CONTINUITY: Comet Bernardinelli-Bernstein

Comet Bernardinelli-Bernstein (C/2014 UN271) was first imaged in October 2014 by the Dark Energy Survey with a four metre telescope in Chile, but not identified as a comet until 2021-06-22 when a coma was first observed around the object at a distance of 20.18 astronomical units (the mean distance of the Earth from the Sun). Based upon its brightness and estimates of its albedo (reflectivity), this appears to be a huge object—between 100 and 200 kilometres in diameter. By comparison, the nucleus of Comet Hale-Bopp (C/1995 O1) was estimated to be 40 to 80 km in diameter. Comet Bernardinelli-Bernstein is comparable in size or larger than estimates of the Chicxulub impactor which caused a mass extinction on Earth around 66 million years ago.

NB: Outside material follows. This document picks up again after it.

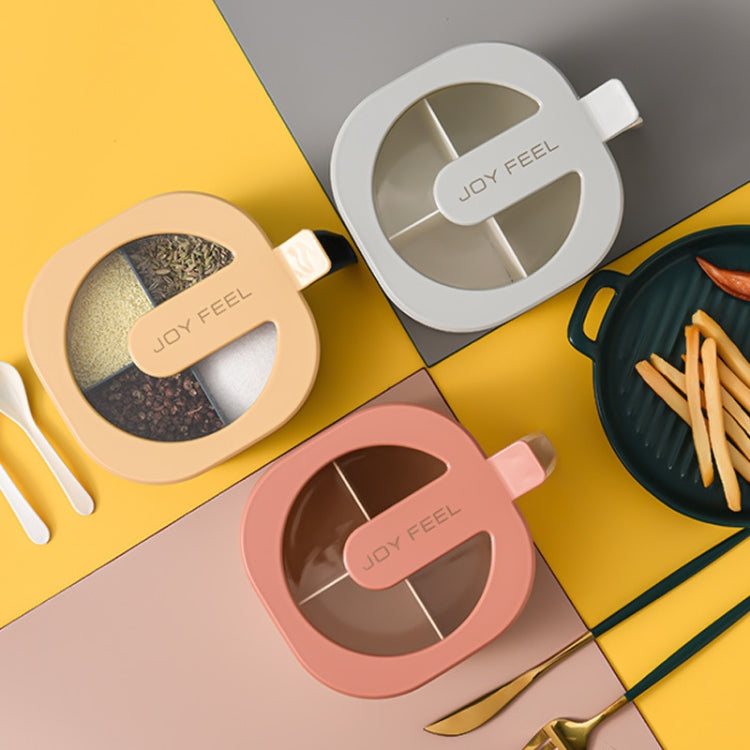 Kitchen Transparent Visible Seasoning Jar Household Seasoning Bottle Set(Pink) by bashfashion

This object will never get closer to the Sun than 10.95 astronomical units: around the distance of Saturn, and consequently will never develop a large tail or be visible from Earth with the unaided eye. But this discovery, which probably wouldn't have been made without the recently-developed and specialised (for an entirely different purpose) instruments of the Dark Energy Survey, highlights that the risk to Earth from comets, which can drop into the inner solar system from afar at any time, may be greater than that posed by the far more more numerous asteroids, whose orbits can be tracked and, if a threat is discovered, diverted long in advance. Suppose this comet were on course to impact the Earth. What could be done to prevent an extinction-level event? With our present technology, nothing.